En France, la situation reste contrastée.
La publicité autour des concerts de la Philharmonie de Paris (de Berlioz à Bowie !) montre qu’elle peine à remplir . Les polémiques qui entourent son inauguration, les polémiques sur la situation de Pleyel etc…sont pitoyables : elles rappellent qu’on a dit la même chose de l’Opéra Bastille (qui ira dans le XIIème pour écouter de l’Opéra ?) sans prendre en compte qu’avec la Cité des Sciences, la Grande Halle, la Cité de la musique, le Conservatoire, et même le Zénith on ne peut pas dire que La Villette soit un désert culturel et que le public ne se déplace pas. Le public de la Philharmonie, lui seul (comme si le public des autres salles du lieu était différent) aurait donc peur de prendre le métro et d’aller si loin ? Ce ne sont qu’imbécillités qui cachent une volonté de préservation des lieux de « distinction » au sens de Bourdieu. Chacun chez soi. Moi à Pleyel, toi à Pantin.
Depuis que je suis mélomane, j’entends évoquer la nécessité d’un Auditorium pour Paris. Lorsque l’Opéra Bastille a été projeté au milieu des années 80, des voix se sont déjà élevées pour souligner que le besoin était plus celui d’un Auditorium que d’un Opéra. La question n’est donc pas aujourd’hui celle de la salle, qui était nécessaire et qui enfin existe (depuis qu’on en parle, il a fallu 35 ans…) la vraie question est celle de l’assise de public : il y aura des soirs  où le Théâtre des Champs Elysées, l’Auditorium de Radio France et la Philharmonie programmeront des concerts et il n’y a pas suffisamment de public pour remplir les trois à la fois, sans compter Opéra, Opéra Comique et Châtelet ; c’est déjà vrai aujourd’hui.
La question du public, c’est la question de la politique culturelle, la question du statut de la musique dite classique, la question de la relation à la musique dans un pays où même si tous les conservatoires sont pleins, les salles ne le sont pas toujours et le renouvellement du public peine à se faire. Tout cela est complexe, mais je ne suis pas sûr qu’on attirera plus de monde en affichant « De Berlioz à Bowie » : le débat sur la programmation de la Philharmonie accueillant « toutes les musiques » me semble assez démagogique et stérile.
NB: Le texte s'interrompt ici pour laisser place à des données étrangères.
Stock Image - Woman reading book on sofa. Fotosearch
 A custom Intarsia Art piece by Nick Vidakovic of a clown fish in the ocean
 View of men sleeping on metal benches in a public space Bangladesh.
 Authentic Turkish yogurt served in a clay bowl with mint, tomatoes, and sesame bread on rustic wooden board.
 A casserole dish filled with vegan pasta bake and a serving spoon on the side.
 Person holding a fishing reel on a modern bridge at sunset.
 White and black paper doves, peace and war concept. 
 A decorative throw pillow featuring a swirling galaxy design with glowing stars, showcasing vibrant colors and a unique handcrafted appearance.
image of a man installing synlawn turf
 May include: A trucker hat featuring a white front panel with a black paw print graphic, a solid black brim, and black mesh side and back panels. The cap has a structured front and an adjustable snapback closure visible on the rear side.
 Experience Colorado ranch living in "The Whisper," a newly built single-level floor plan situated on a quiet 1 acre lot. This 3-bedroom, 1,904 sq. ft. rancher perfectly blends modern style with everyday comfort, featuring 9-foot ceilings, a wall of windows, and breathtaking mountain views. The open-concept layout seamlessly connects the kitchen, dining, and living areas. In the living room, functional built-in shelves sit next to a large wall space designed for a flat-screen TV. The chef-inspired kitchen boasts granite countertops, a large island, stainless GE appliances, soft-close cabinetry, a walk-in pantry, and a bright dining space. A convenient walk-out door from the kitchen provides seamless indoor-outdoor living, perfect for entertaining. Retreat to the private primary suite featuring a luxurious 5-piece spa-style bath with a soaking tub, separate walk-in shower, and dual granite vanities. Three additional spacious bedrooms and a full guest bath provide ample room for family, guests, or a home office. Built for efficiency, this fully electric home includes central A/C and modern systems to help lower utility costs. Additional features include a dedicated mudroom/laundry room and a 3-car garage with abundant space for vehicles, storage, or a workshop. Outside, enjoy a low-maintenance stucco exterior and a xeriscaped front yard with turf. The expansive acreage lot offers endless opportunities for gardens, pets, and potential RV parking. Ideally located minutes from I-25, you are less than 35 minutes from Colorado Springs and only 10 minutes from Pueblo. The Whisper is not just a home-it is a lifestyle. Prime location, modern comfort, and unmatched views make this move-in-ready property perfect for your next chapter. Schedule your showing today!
Ce n’est pas une question de salle, c’est une question de stratégie car dans les années 70, se souvient-on que le Palais des congrès de la Porte Maillot n’accueillait pas seulement Chantal Goya, ou les ballets Moisseiev, mais aussi des concerts de l’orchestre de Paris ou du Philharmonique de Vienne (si si, Barenboïm, Abbado et Böhm..). Il n’y a pas d’exclusion a priori de tel genre ou de tel autre, mais tout de même, Paris était suffisamment pauvre en vraies salles de concerts comparables aux autres villes européennes pour que le public des concerts puisse investir la Philharmonie sans entendre  dire « du classique mais pas que… ». À charge pour les managers culturels de faire venir un nouveau public, comme ce fut le cas à Bastille (je rappelle que ce fut un succès immédiat), même si on est loin, très loin du projet d’Opéra National Populaire des origines. À charge pour les managers culturels aussi de faire de ce nouveau lieu un phare incontournable,  et à charge de la puissance publique d’assumer ce nouveau lieu,  sa maintenance et son financement puisqu’elle l’a voulu : la polémique Ville de Paris/Etat est en la matière désespérante de nullité, mais en nullité nous sommes servis au quotidien, à droite, à gauche, au centre et à la périphérie…Mais même si aujourd’hui la salle peine à remplir, il en ira différemment lorsqu’elle sera ouverte, le chemin de la porte de Pantin, comme celui de Bastille il y a 25 ans, deviendra vite familier aux mélomanes.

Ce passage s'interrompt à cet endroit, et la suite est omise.